Sefer Demir / DÜZCE (İGFA) – Osmanlı Devleti, Ramazan ayı boyunca halkın mağdur olmaması için un ve koyun gibi temel gıda maddelerini başkent dışından temin eder, esnafın satacağı gıda fiyatlarını önceden belirlerdi.
Bu fiyatlara uyulup uyulmadığı ise sıkı denetimlerle kontrol edilirdi. Ayrıca, Sultan’ın kılık değiştirerek halkın arasına karışması ve şikayetleri yerinde dinlemesi Osmanlı’nın halkla bütünleşme anlayışının önemli bir parçasıydı.

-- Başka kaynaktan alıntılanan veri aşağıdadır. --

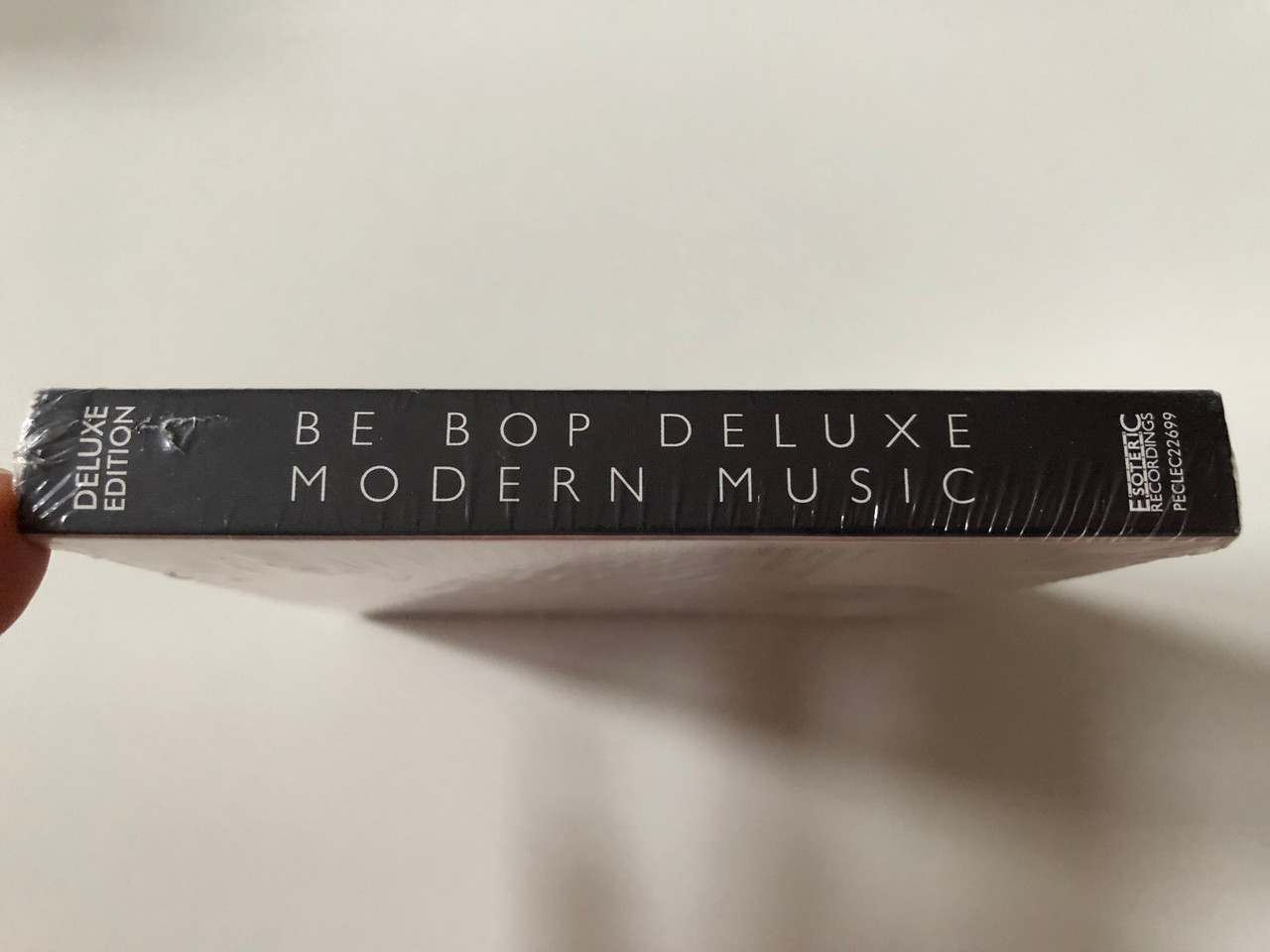https://cdn10.bigcommerce.com/s-62bdpkt7pb/products/0/images/257763/Be_Bop_Deluxe_Modern_Music_A_new_CD_expanded_edition_of_this_classic_album_featuring_the_original_album_newly_remastered_from_the_original_Harvest_master_tapes_Esoteric_Recordings_2x_Aud_3__10765.1667551281.1280.1280.JPG?c=2&_gl=1*1aw9edo*_ga*MjA2NTIxMjE2MC4xNTkwNTEyNTMy*_ga_WS2VZYPC6G*MTY2NzU0NTYyOS42MTcuMS4xNjY3NTUxMjkzLjYwLjAuMA..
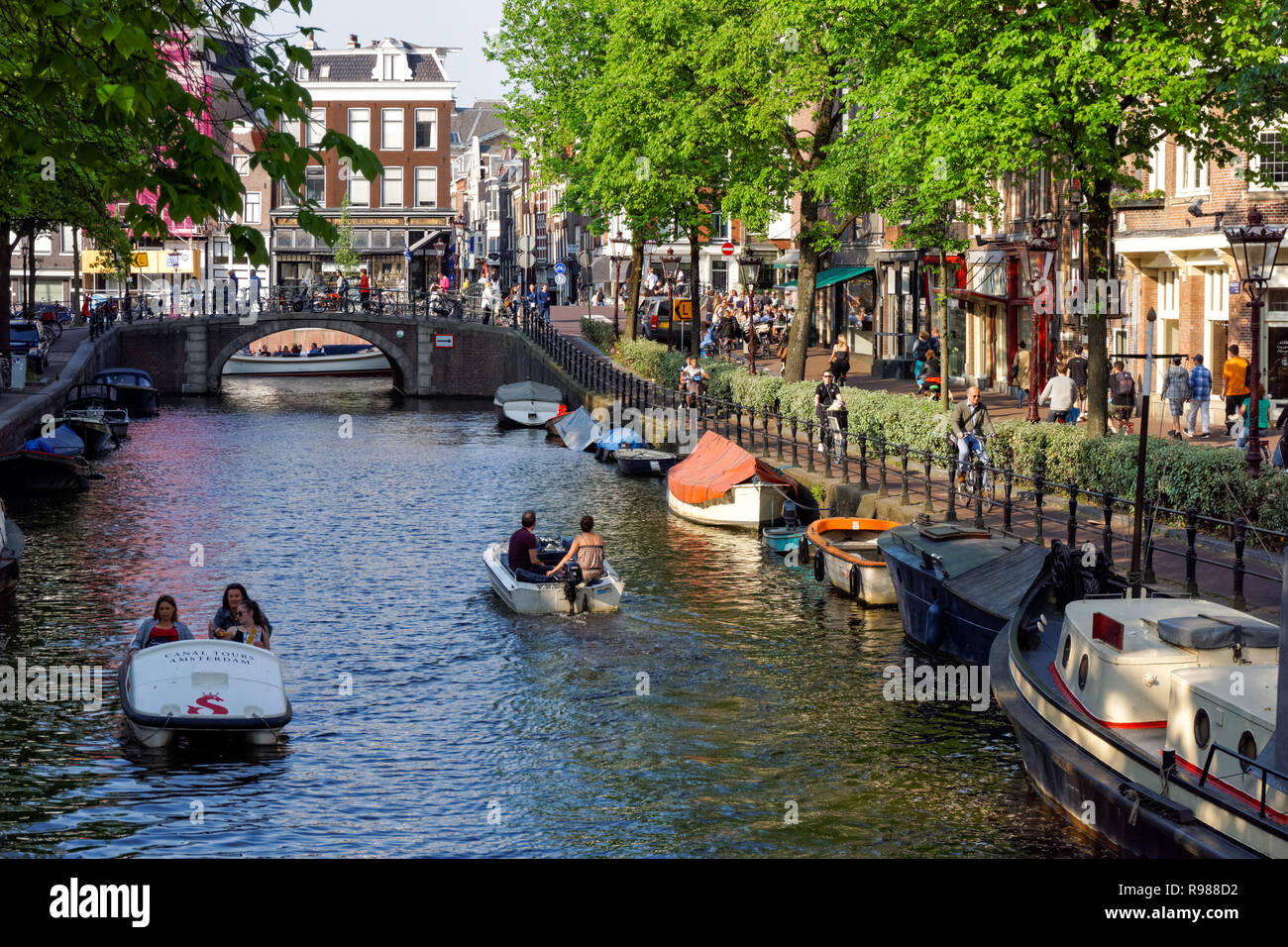 People cycling along Spiegelgracht canal in Amsterdam, Netherlands Stock Photo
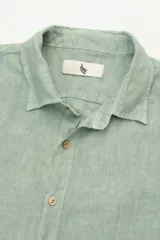 Camisa verde de lino con botones de madera, corte recto y mangas largas.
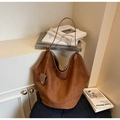 Detalle de un bolso tote grande de ante marrón con correas de cuero y colgante de corazón - Marrón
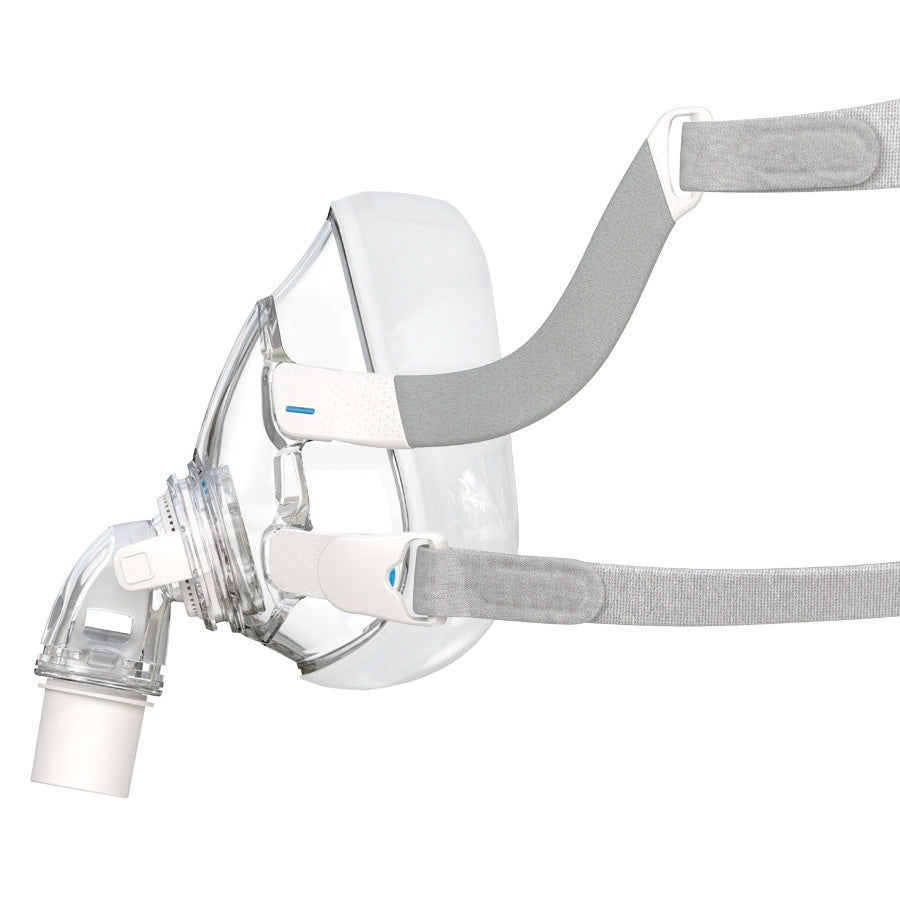 CPAP mask with clear facepiece and gray headgear on a white background
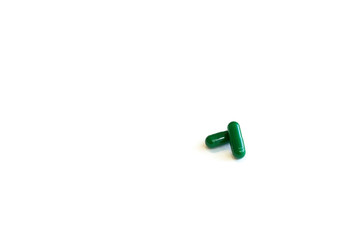 Closed green capsule pills on a white background.Concept of medicine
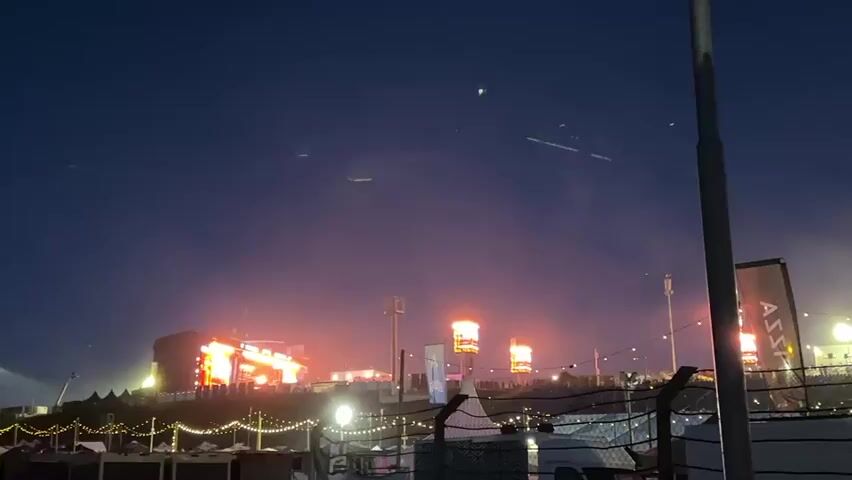The video shows a long shot of an outdoor event at dusk, with several brightly lit stages and screens in the distance. The sky is dark blue, transitioning to a lighter shade towards the horizon. The stages are glowing with orange and red lights, with some smoke or mist visible around them. In the foreground, there are string lights, fences, and various structures. A black and white banner with the word "ASSA" partially visible on it is seen on the right side of the frame. The overall impression is that of a large music festival or concert.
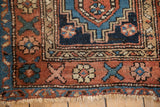 Detail of the coarse, hand-knotted pile and floral border on an antique Persian Heriz rug.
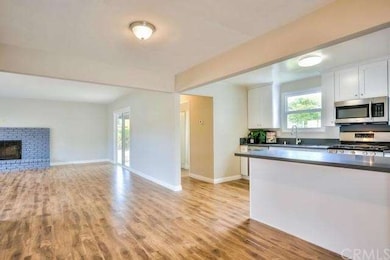 Kitchen opens to formal dining and family room.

Ramazan’ın Osmanlı toplumundaki sembollerinden biri olan mahyaların camileri süslemesi, iftar ve sahur vakitlerinin top atışlarıyla halka duyurulması gibi gelenekler de programda geniş yer buldu.
Doç. Dr. İlhan Gök, ilginç bir ayrıntıya da değinerek, top atışları sırasında kazayla yaralanıp hayatını kaybeden kişilerin “Ramazan şehidi” olarak kabul edildiğini ve ailelerine maaş bağlandığını belirtti.
Osmanlı’da iftar davetleri de önemli bir gelenekti. Devlet adamları Ramazan’ın ilk günlerinde aileleriyle iftar yaparken, sonraki günlerde geniş katılımlı sofralar kurar ve davetlilere “diş kirası” adı altında hediyeler verilirdi. Ramazan’ın 15. gününde ise Sultan’ın alayıyla birlikte Topkapı Sarayı’ndaki Hırka-i Saadet odasına giderek kutsal emanetleri ziyaret etmesi Osmanlı’daki manevi atmosferi daha da güçlendiriyordu.
Gök, programda Osmanlı Ramazan geleneklerine dair Avrupalı seyyahların gözlemlerine de değindi. Ayrıca, günümüzde Ramazan Bayramı’nın “Şeker Bayramı” olarak anılmasının kökenine dair çeşitli teorileri dile getirdi.
Bu tabirin Osmanlı Sultanları’nın Ramazan Bayramı’nda halka şeker ve hediyeler dağıtmasından kaynaklanabileceğini ifade eden Gök, “Şeker” ve “Şükür” kelimelerinin benzerliği nedeniyle de zamanla bu kullanımın yaygınlaşmış olabileceğini belirtti.
Ordulu akademisyen Doç. Dr. İlhan Gök’ün tarihsel bilgi birikimiyle katkı sunduğu program, izleyicilerden büyük ilgi gördü. Osmanlı tarihine ve Ramazan geleneklerine dair yeni perspektifler sunan bu program, tarih meraklılarına eşsiz bilgiler sundu.